これは尻尾に限らずに起こり得る事ですが、特におしりを向けて逃げる時に尻尾をつかまれる可能性が高いからなのか、チンチラやデグーは特にしっぽの毛や皮膚がずるんと剝がれやすくなっているようです。
しっぽに関しては「尾切れ」と「尾抜け」というふたつのパターンがあります。
尾切れ:しっぽが骨ごと切れる事。
尾抜け:骨と皮膚は残ったまま、被毛だけがズルんと剥けた(抜ける)状態の事。
痛々しい画像が多いのでおすすめはしませんが、知識として知っておきたい。という方は「尾抜け」でGoogle検索してみるとデグーちゃんの画像はたくさん出てきます。※やっぱりデグーのほうが尾抜けは多いのかも。

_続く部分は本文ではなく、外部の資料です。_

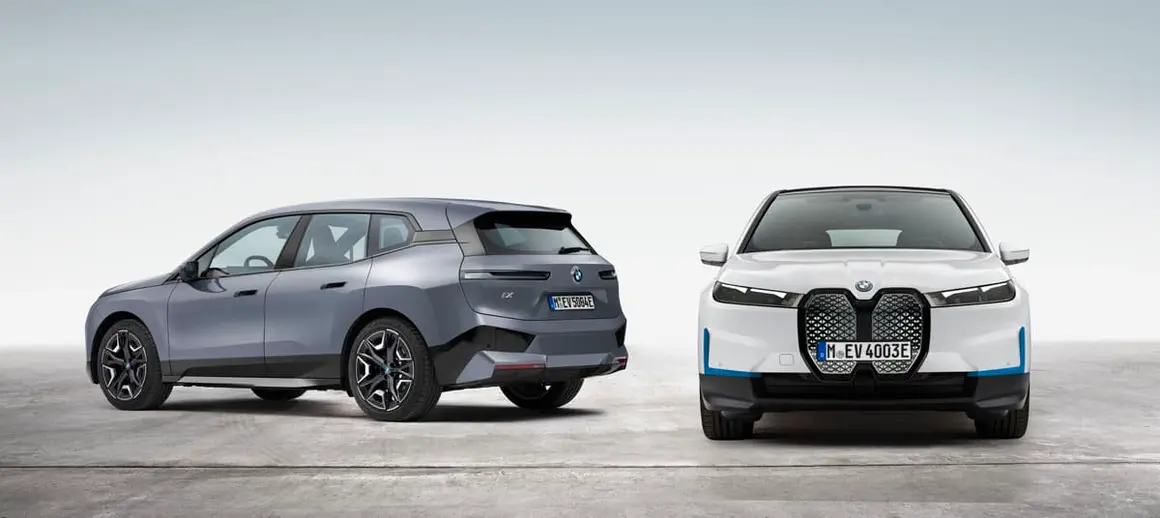 BMW-iX_xDrive50-xDrive40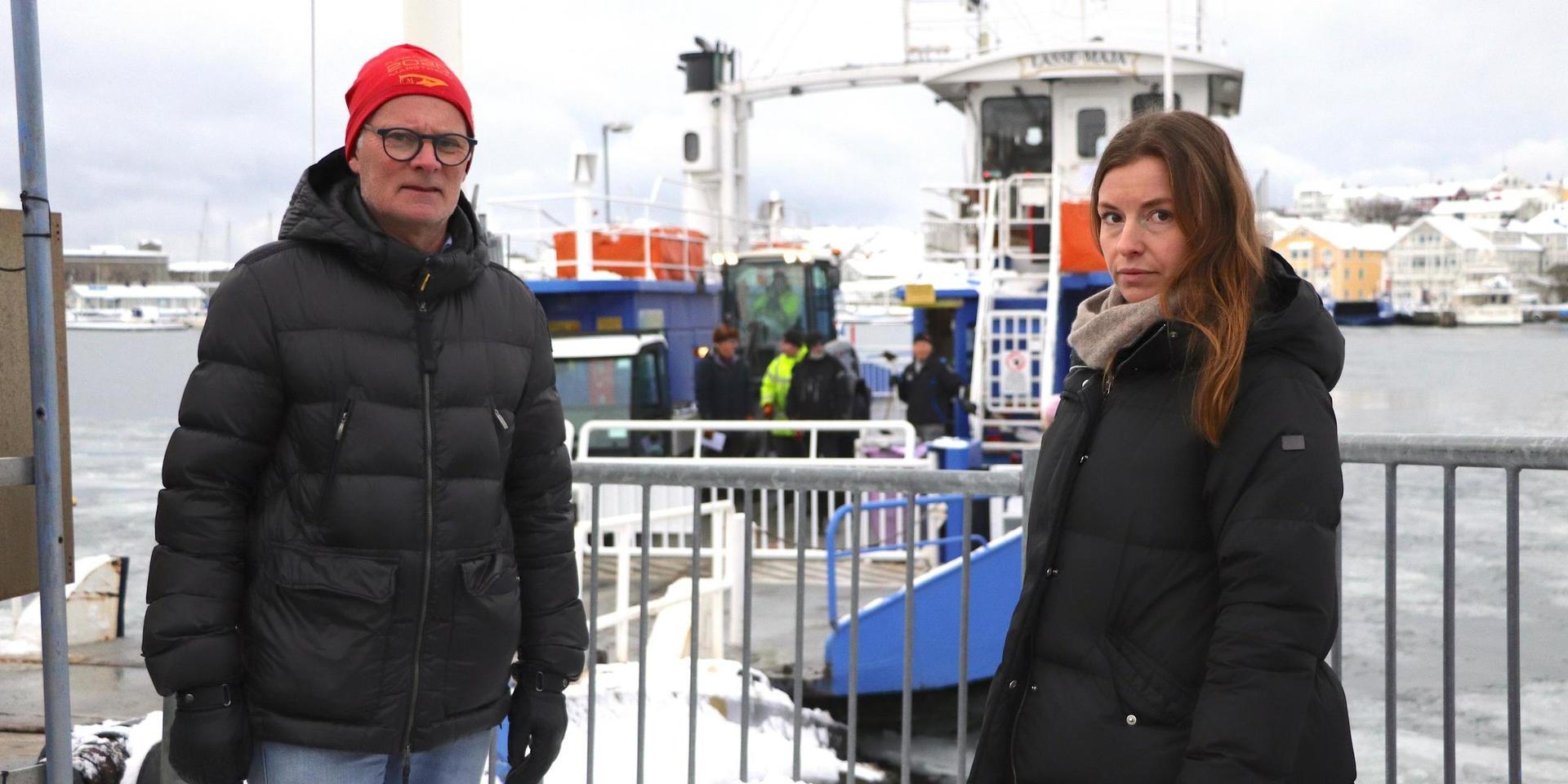 Michael Stensjö och Martina Johansson Dalborg från Marstrandsföretagarna är hoppfulla om att kommunen kan gå med en sänkning av priset på årskort på förjan.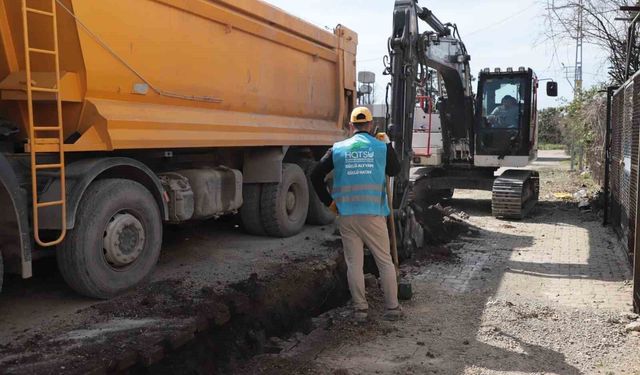 Hatay Büyükşehir Belediyesi, Payas'ta içme suyu şebeke hattını yeniliyor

部屋んぽからなかなかケージに戻ってくれないからといって、絶対にチンチラの尻尾をギュっと掴んだりしてはいけませんよ!尾切れや尾抜けだけでなく、骨折の原因にもなりかねません。
骨折した場合はこれも大変です。人間の骨折の場合は、ギプスをして再生を待つのが一般的ですが、ひどい骨折の場合は手術をしますよね。チンチラも同じで、固定して治癒をまつか手術かを選ぶことになります。
ただ体が小さい分手術は難しく、成功しない事もあり得ます。自然治癒を待つ場合も、完治するまで砂浴びもできませんしうまく動けずにストレスがかかります。様々なリスクがありますので、骨折させないように気を付けることが何よりも大切です。
夜中、飼い主が寝ているあいだにケージの中でけがをするパターンもありますので、ケージの中に危険な個所がないかは今一度確認してみてくださいね。
トカゲやカナヘビと違って、チンチラのしっぽは一度切れたり抜けたりすると再生しません。飼い主は、モフモフの体だけでなくあのバサバサなしっぽもチンチラのチャームポイントのひとつだと思いますし、生きていくうえで必要な大切な部位でもあります。
改めて、みなさんのチンチラちゃんの尻尾も観察してみてはいかがでしょうか。
以上、チンチラの「しっぽ」についての解説でした。